The study, conducted by investigators at the University of Minnesota in Minneapolis, concluded that after one year of follow-up, Roux-en-Y gastric bypass (RYGB) was superior to non-surgical controls (NSC) and laparoscopic adjustable gastric band surgery (LAGB) with respect to weight loss and improvement in diabetes.

“This study provides an important perspective about the comparative efficacy of LAGB, DS, and NSC to the RYGB for treatment of T2DM among obese patients,” said lead author Dr Robert B Dorman. “We conclude that if the endpoint is to improve HbA1c, then the DS is the superior operation compared to the RYGB for patients with a high BMI.”

Although it is known that RYGB resolves T2DM in a high proportion of patients and is considered the standard operation for T2DM resolution in morbidly obese patients, no data exists comparing the efficacy of medical management and other bariatric operations to the RYGB for treatment of T2DM in comparable patient populations.

As a result, investigators designed the study to compare the relative efficacy of medical management, the duodenal switch (DS), and LAGB to RYGB for treatment of T2DM. They performed a retrospective case-matched study of 86 morbidly obese patients with T2DM who had undergone medical management (nonsurgical controls [NSC]; n=29), LAGB (n=30), or DS (n=27) and were compared with matched T2DM patients who had undergone RYGB. Matching was performed with respect to age, sex, body mass index, and hemoglobin A1C (HbA1C).

Outcomes assessed were changes in body mass index, HbA1C, and diabetes medication scores at one year.
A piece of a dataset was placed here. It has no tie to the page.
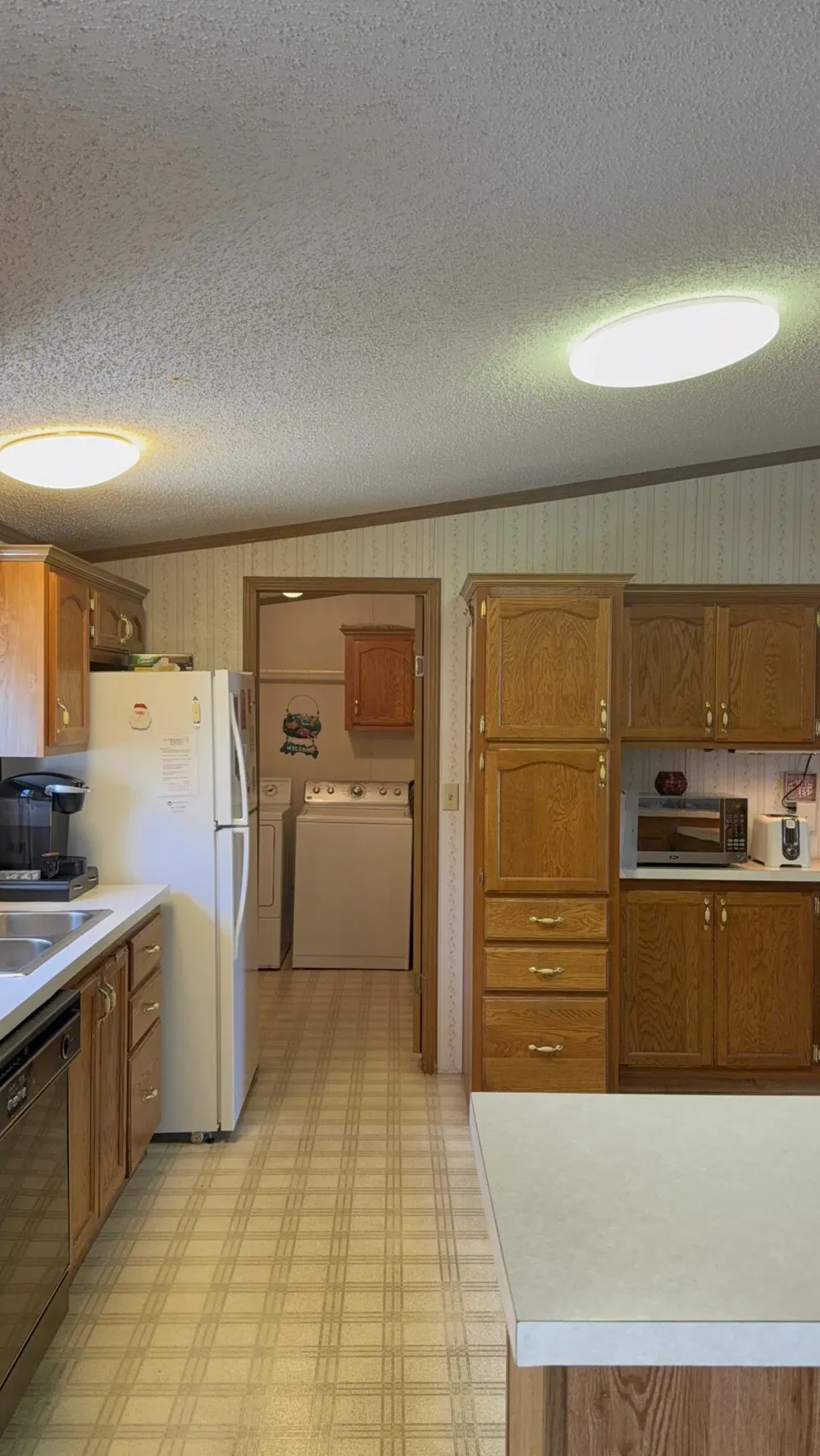 1990 Ironwood West Court Muskegon, MI 49442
At one year, RYGB produced the greater weight loss, HbA1C normalization, and medication score reduction compared to both NSC and LAGB-matched cohorts. However, led to significantly greater improvements in HbA1c and diabetes medication scores and a higher rate of diabetes resolution (81.5% vs 48.1%; p=0.02), despite no greater weight loss at one year. Complication rates at one year were 10% for LAGB, 15.1% for RYGB, and 40.7% for duodenal switch.
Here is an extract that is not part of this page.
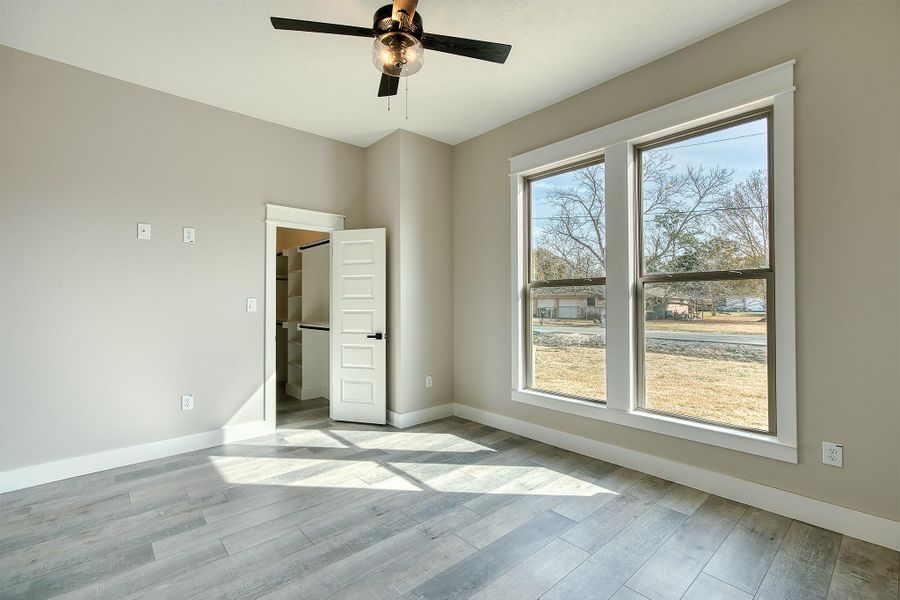 Spacious, unfurnished interior of a new home in , Beaumont (Image 20).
One-year readmission rates were 6.7% for LAGB, 11.6% for RYGB, and 14.8% for duodenal switch. There were no deaths. According to the researchers, RYGB should remain the gold standard for treatment of severe or greater obesity in the setting of type 2 diabetes, as the procedure has better outcomes than both medical management and the laparoscopic banding. However, they added that for super-obese patients (BMI> 50kg/m2), the duodenal switch should be considered; although only performed by experienced surgeons and centres.